European Capital of Culture GO! 2025 (also GO! 2025) is a project of the European Commission, that was conducted for the first time in the history by two cities in two countries under one title, whereby Slovenian Nova Gorica has invited neighbouring Italian Gorizia. It is the first cross-border European Capital of Culture in the history of the initiative. The project is held under the slogan GO! Borderless.

== Background ==
The European Capital of Culture initiative was established in 1985 with the aim of promoting cultural diversity and the development of European cities through culture. Nova Gorica Slovenia's Youngest City and it's neighbouring Gorizia were selected for the year 2025 following the decision of an expert panel appointed by the Council of the European Union. The official opening of the project took place on 8 February 2025 at five venues across both cities, coinciding with the Slovenian cultural holiday, and was attended by around 50,000 people. The project also brought numerous investments to the cities, including infrastructure renovations and the creation of new spaces for creativity, social interaction, and tourism.

== History ==
The authors of the bid book, led by Neda Rusjan Bric, drew inspiration from historical events along the border between Slovenia and Italy, an area historically marked by both world wars and the geopolitical interests of major powers. With Slovenia joining the European Union in 2004 and the Schengen Area in 2007, border controls were gradually abolished, although other forms of division remained. The slogan "GO! Borderless" was therefore directed toward the long-term effort of overcoming these boundaries.

== Concept ==
The project is based on cross-border cooperation and the creation of a shared cultural space.
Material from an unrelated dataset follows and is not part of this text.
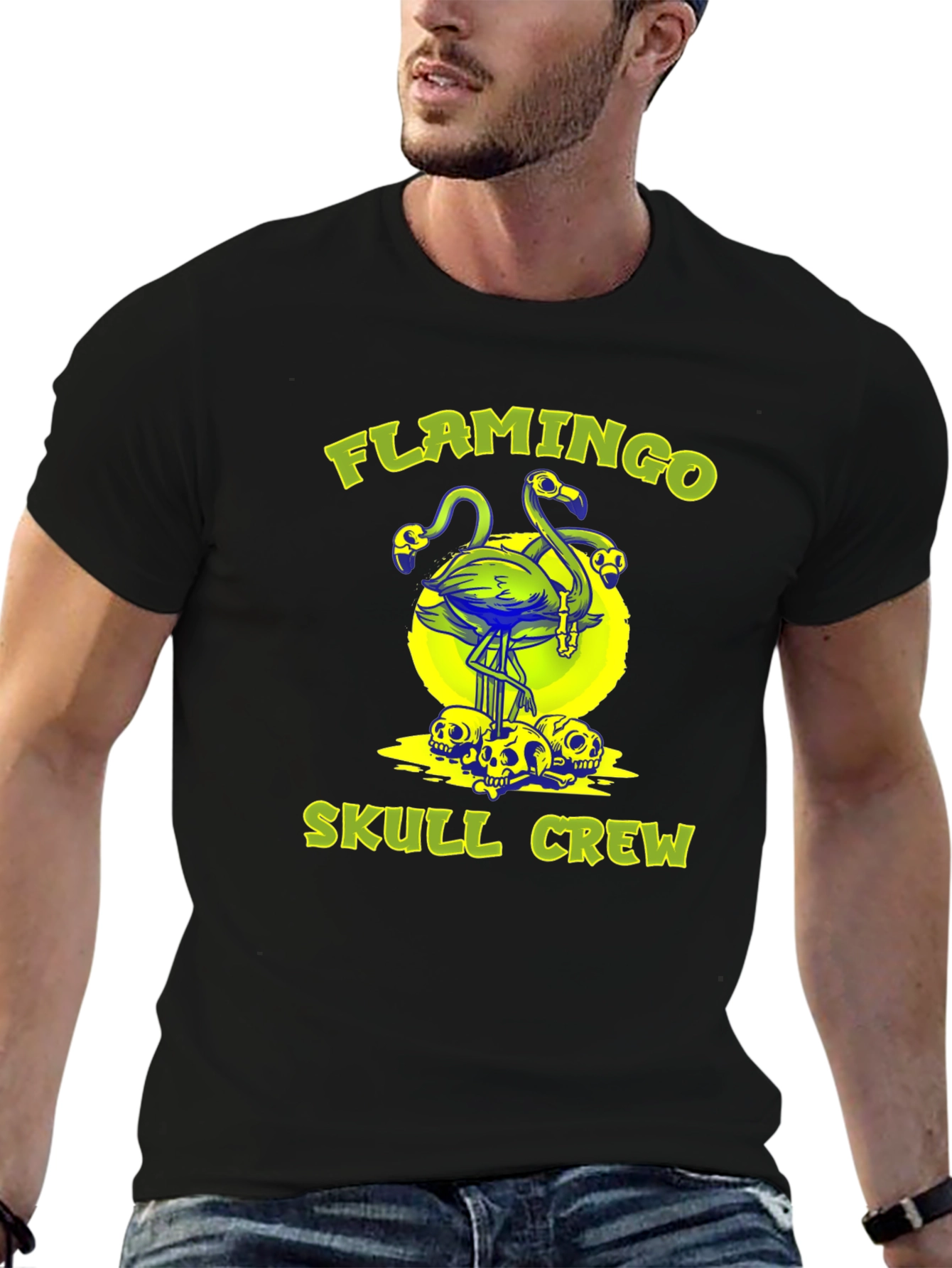 Flamingo Skull Crew Black Graphic Tee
The ECoC's goals according to the European Commission:

- development of an authentic cultural programme
- strengthening cross-border cooperation between Slovenia and Italy
- development of cultural and creative industries
- sustainable development
- increasing cultural tourism.

== Programme ==
During the title year, the GO! 2025 programme included numerous cultural events such as exhibitions, festivals, concerts, and theatre performances. both within the official programme and accompanying events embracing wider programme from culture, sports, sustainability and cultural tourism. More than 1,600 events were held on both sides of the border, attracting over 1.5 million visitors in total.

== Organisation ==
The project is implemented by the public institution GO! 2025 – European Capital of Culture, Nova Gorica. in cooperation with other public institutions and non-governmental organisations, as well as the European Grouping of Territorial Cooperation EGTC GO (Slovene: EZTS GO).

== Leadership ==
The director of the GO! 2025 public institution is Mija Lorbek, programme director is Stojan Pelko while the artistic advisor and lead author of the bid book is Neda Rusjan Bric. The governance structure also includes the institution's council chaired by Marjan Zahar and professional and operational services.

== International response ==
The project attracted attention from numerous European institutions, media outlets (such as BBC, ARTE TV, Nikkei, etc.), and professional journals. A delegation from the European Parliament expressed support for the project during a visit to the two cities and highlighted its significance for cross-border cooperation and European integration.

== Significance ==
GO! 2025 is the first example of a cross-border European Capital of Culture and is regarded as a symbol of overcoming borders and fostering cooperation in Europe.